Efectivamente; como cinco o seis marineros avanzaran, él se dirigió a ellos, cogió al más próximo por la cintura, le subió y lo envió rodando a diez pasos; y no pudiendo agarrarse a nada aquel desdichado, hubiese caído al mar si Heame no hubiere acudido en su auxilio, cogiéndola al paso.

¡Bastante era con los dos muertos por las balas!

Ante la intervención del mestizo, la rebelión cesó repentinamente. Además nosotros llegamos junto a la canoa, y con nosotros aquellos de nuestros hombres cuya vacilación no había sido duradera.

El capitán Len Guy con los ojos brillantes y seguido de Jem West, con voz terrible, exclamó:

—Debería trataros como a malhechores, y, no obstante, sólo quiero miraros como locos… Está canoa no es de nadie:

¡es de todos! Ahora es nuestro único medio de salvación… y habéis querido robarla… robarla miserablemente… Entended bien… lo que por última vez os repito… ¡La canoa de la
Halbrane
es la misma
Halbrane
! ¡Yo soy su capitán, y desdichado del que no me obedezca!

Y al pronunciar estas últimas frases, el capitán Len Guy miraba a Hearne… Por lo demás, éste no había figurado en la última escena (ostensiblemente al menos). Sin embargo, nadie dudaba que hubiese inspirado a sus compañeros el pensamiento de apoderarse de la canoa y que proyectase excitarles aun.

—¡Al campamento! —dijo el capitán. Tú, Dirk Peters, quédate aquí.

Por toda respuesta el mestizo movió su gruesa cabeza y se instaló en su puesto.

La tripulación volvió al campamento sin la menor resistencia. Unos se extendieron sobre sus petates; otros se dispersaron por los alrededores.

Hearne no intentó reunirse a ellos ni acercarse a Martín Holt.

Al presente los marineros estaban reducidos a la ociosidad, y no quedaba más que examinar aquella situación y ver los medios de salir de ella.

El capitán Len Guy, el lugarteniente y el contramaestre se reunieron en consejo, y yo me uní a ellos.

El capitán empezó diciendo:

—Hemos defendido nuestra canoa, y continuaremos defendiéndola…

—¡Hasta la muerte! —declaró Jem West.

—¿Quién sabe si pronto nos veremos obligados a embarcarnos en ella? —dije.

—En ese caso —añadió el capitán Len Guy—, como todos no cabríamos en ella, habría necesidad de elegir.
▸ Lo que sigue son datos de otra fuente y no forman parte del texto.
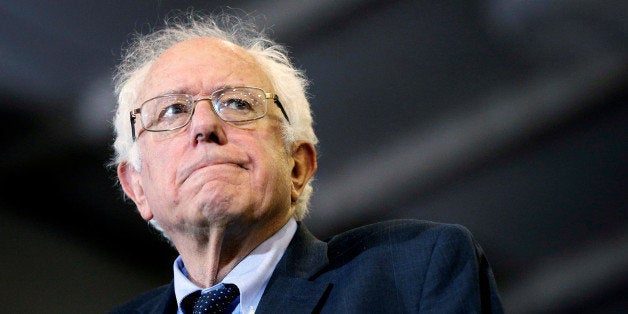 U.S. Democratic presidential candidate and U.S. Senator Bernie Sanders pauses while speaking at a campaign rally in a hockey rink at Monroe Community College in Rochester, New York April 12, 2016. REUTERS/Brian Snyder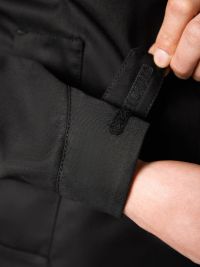 Schwarze FHB Arbeitsjacke mit Taschen und verdecktem Reißverschluss für Handwerk und Workwear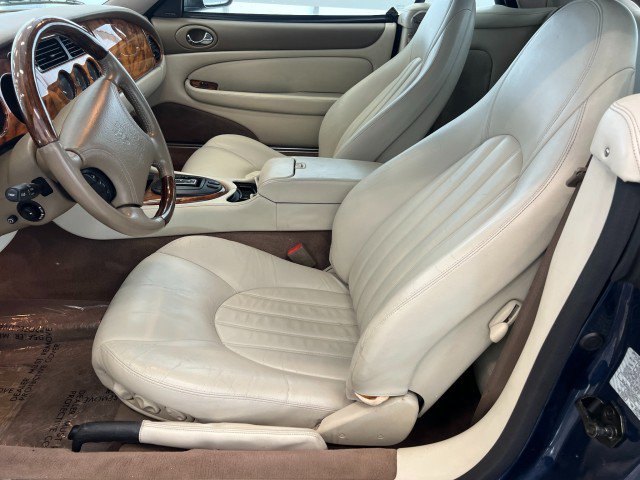 Used 1999 Jaguar XK8 Convertible RWD image 9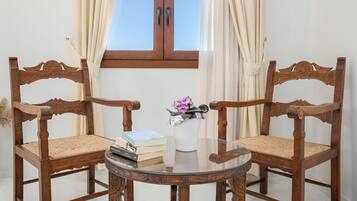 House, Smoking | 3 bedrooms, desk, Internet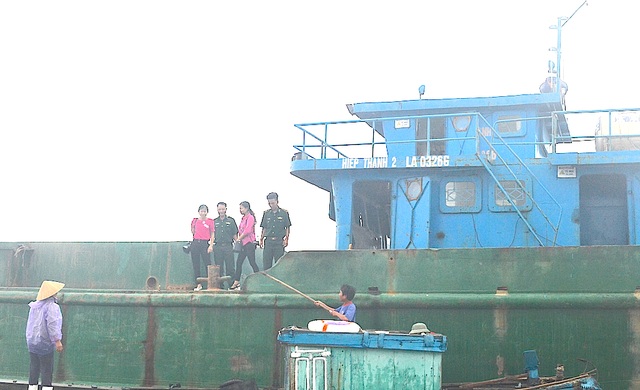 Bắt giữ tàu xả chất thải nghi từ cảng gang thép Nghi Sơn xuống biển - 1 Lực lượng BĐBP Quỳnh Phương có mặt trên tàu xả chất thải ra môi trường biển.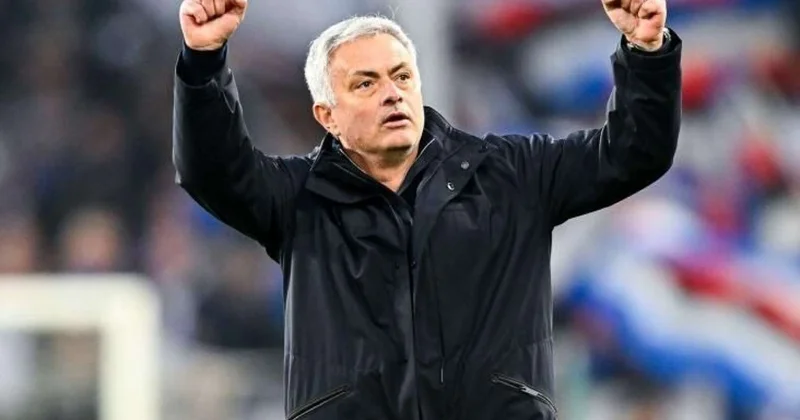Mourinyo "Fənərbağça"dan sərvətlə ayrılır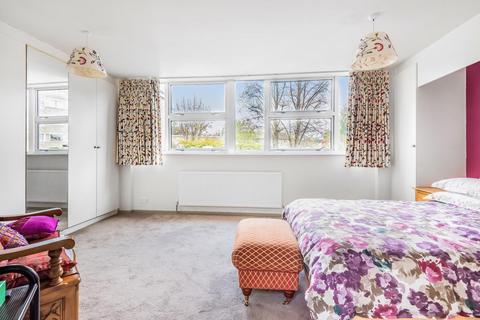 8 Beck River Park, Beckenham, BR3 1HT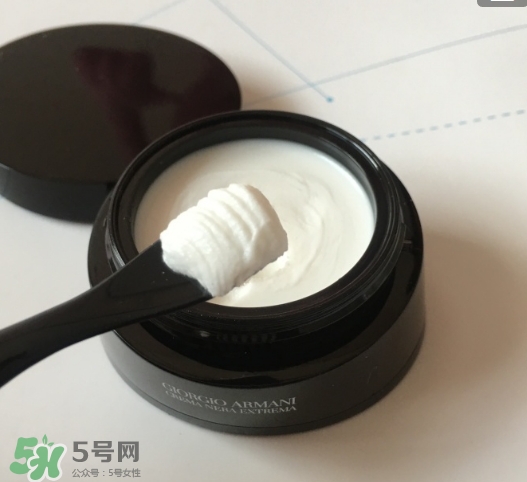阿瑪尼黑鑰匙眼霜多少錢？阿瑪尼黑鑰匙眼霜專柜價格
La suerte destinaría a los que debían partir, y yo sería uno de tantos.

—¡Aun no ha llegado ese caso, qué diablo! —respondió el contramaestre—. El
ice–berg
es sólido, y no hay temor de que se funda antes del invierno.

—No —afirmó Jem West;— no es de temer… Lo que es preciso es vigilar la canoa, y también los víveres…

—¡Es una suerte que hayamos puesto el cargamento en seguridad! —dijo Hurligueriy—. ¡Pobre y querida
Halbrane
!… Quedará en estos mares como
la Jane…
su hermana mayor!…

—Sí —pensaba yo—, y por diferentes causas; la una, destruida por los salvajes de Tsalal; la otra, por una de esas catástrofes que ningún poder humano consigue evitar.

—Tienes razón, Jem —dijo el capitán. Sabremos impedir que nuestros hombres se entreguen al pillaje. Tenemos víveres para más de un año, sin contar con la pesca…

—Y es preciso tanta más vigilancia respondió el contramaestre, cuanto que ya he visto rondar en tomo de los barriles de whisky y de ginebra…

—¿Y de qué no serían capaces esos desdichados en los furores de la embriaguez? —exclamó.

—Yo tomaré medidas respecto a este punto —dijo el lugarteniente.